In this case, the court recognizes that “the city’s duty under ORS 243.303(2) is specific: The city shall provide health insurance to retirees on the same basis as provided to current employees.” 356 Or at 369 (emphasis in original). The court then notes that the statute qualifies that specific and mandatory duty with the phrase “insofar as and to the extent possible” and that that qualification makes the “standard of conduct less certain.” Id. But whether a statutory standard of conduct is “less certain” than it theoretically could be does not address whether the statutory duty is sufficiently certain to satisfy the first Restatement factor. The court does not engage in that analysis. Instead, the court questions whether plaintiffs’ claim comports with “any existing tort claim.” Id. at 370. Because plaintiffs do not label the tort claim that they seek to bring except as a “violation of ORS 243.303,” the court expresses concern about the elements of the claim that the court would recognize and the “mental state” that it would “supply.” Id. (citing Burnette v. *390Wahl, 284 Or 705, 711-12, 588 P2d 1105 (1978)).7 Based on that analysis, the majority finds that the first Restatement factor weighs against the creation of a tort.
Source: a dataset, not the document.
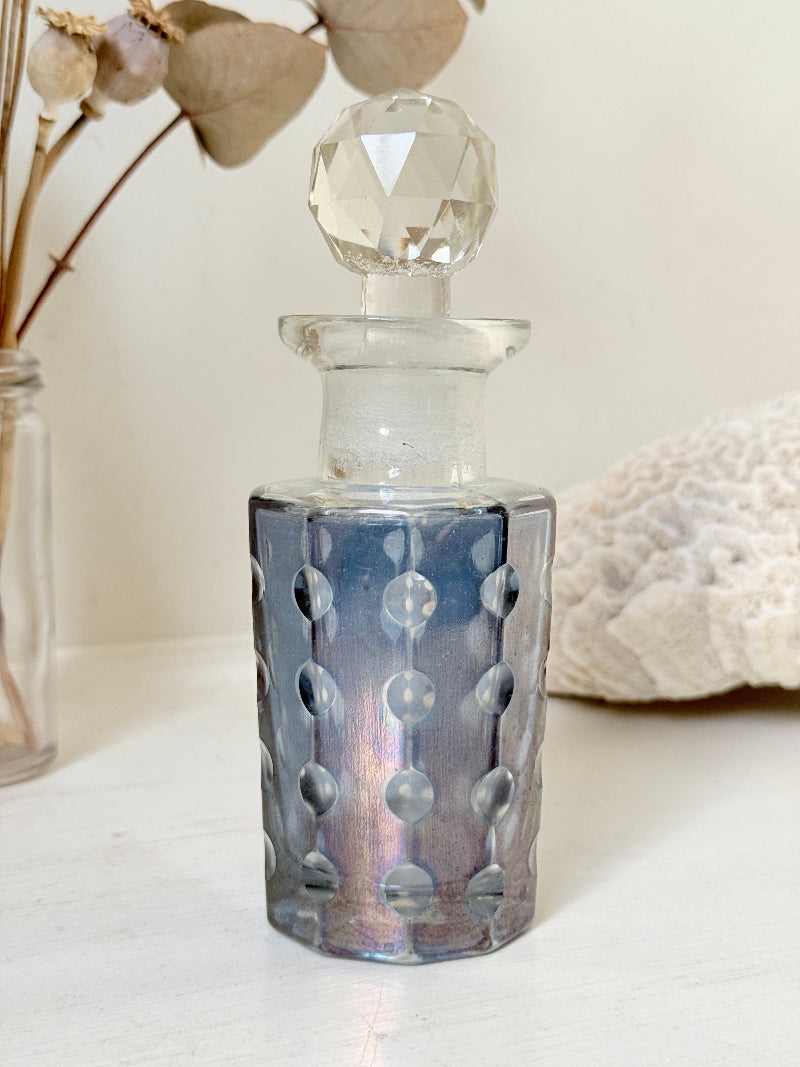 Vintage decagon iridescent glass perfume bottle with raised dot pattern and clear faceted stopper, photographed on a white surface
The court’s analysis is off-base in two different directions. First, the court incorrectly assumes that it can recognize only common-law tort claims that comport with existing torts. Second, the court does not address the question actually posed by the first Restatement factor — whether the statutory duty at issue is sufficiently specific to be enforceable in a private right of action.

As to the first bar that the court raises, it should not be at all surprising that plaintiffs “have not identified any existing tort that comports with their pleaded theory.” Id. If plaintiffs could identify such a tort, they would not need to ask this court for assistance. In each instance in which a plaintiff asks this court to recognize or create a private right of action for damages based on the breach of a statutory duty, it is the statute that the plaintiff seeks to enforce that establishes the nature of that duty and the elements of the plaintiff’s claim. Thus, this court has held, “[0]ne who violates a statute enacted for protection of others may be civilly liable in damages for injuring the protected interest even when there is no corresponding common law basis of recovery.” Cain v. Rijken, 300 Or 706, 715-16, 717 P2d 140 (1986).
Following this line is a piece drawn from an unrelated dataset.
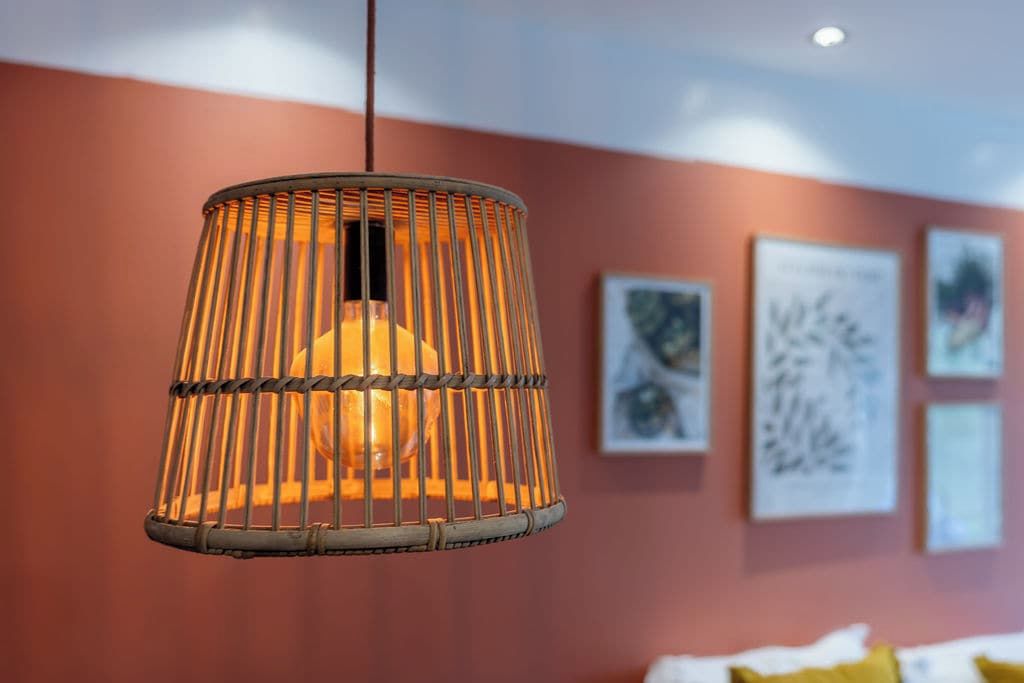 A hanging light fixture with a cylindrical design and a visible bulb.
In this case, plaintiffs, like the plaintiffs in Nearing and Chartrand, pleaded that defendant violated an Oregon statute and that plaintiffs suffered damages as a result. The fact that plaintiffs did not reference or incorporate additional elements of existing torts does not mean that the statute at issue is insufficiently clear to permit a tort remedy. The correct question for analysis is whether the duty imposed by *391ORS 243.303(2) is sufficiently specific that a tort claim is an appropriate means of enforcement.
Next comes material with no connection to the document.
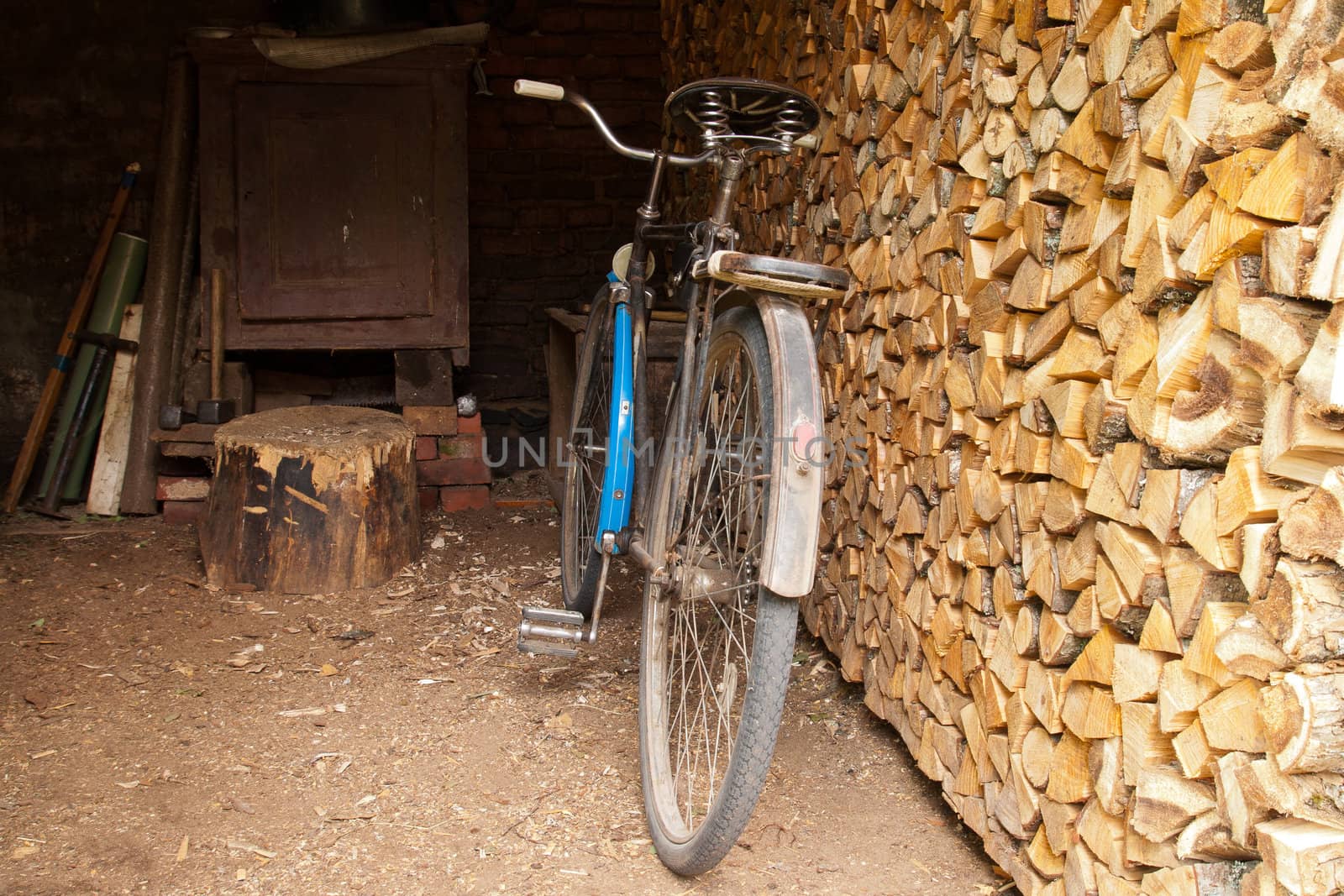 rusty old bicycle in a shed with firewood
The court’s second error is in its consideration of that question. The statutory duty at issue is the duty to provide health insurance to retirees on the same basis as provided to current employees. ORS 243.303(2). That duty is subject to an affirmative defense — “that it was not possible, under the statutory standard, to make coverage available to retirees.” Doyle v. City of Medford, 347 Or 564, 579, 227 P3d 683 (2010). The court does not take the position that that defense makes the statutory duty so general that it does not give rise to an action for damages. In fact, the court acknowledges that that duty is actionable under the Declaratory Judgments Act, and correctly so.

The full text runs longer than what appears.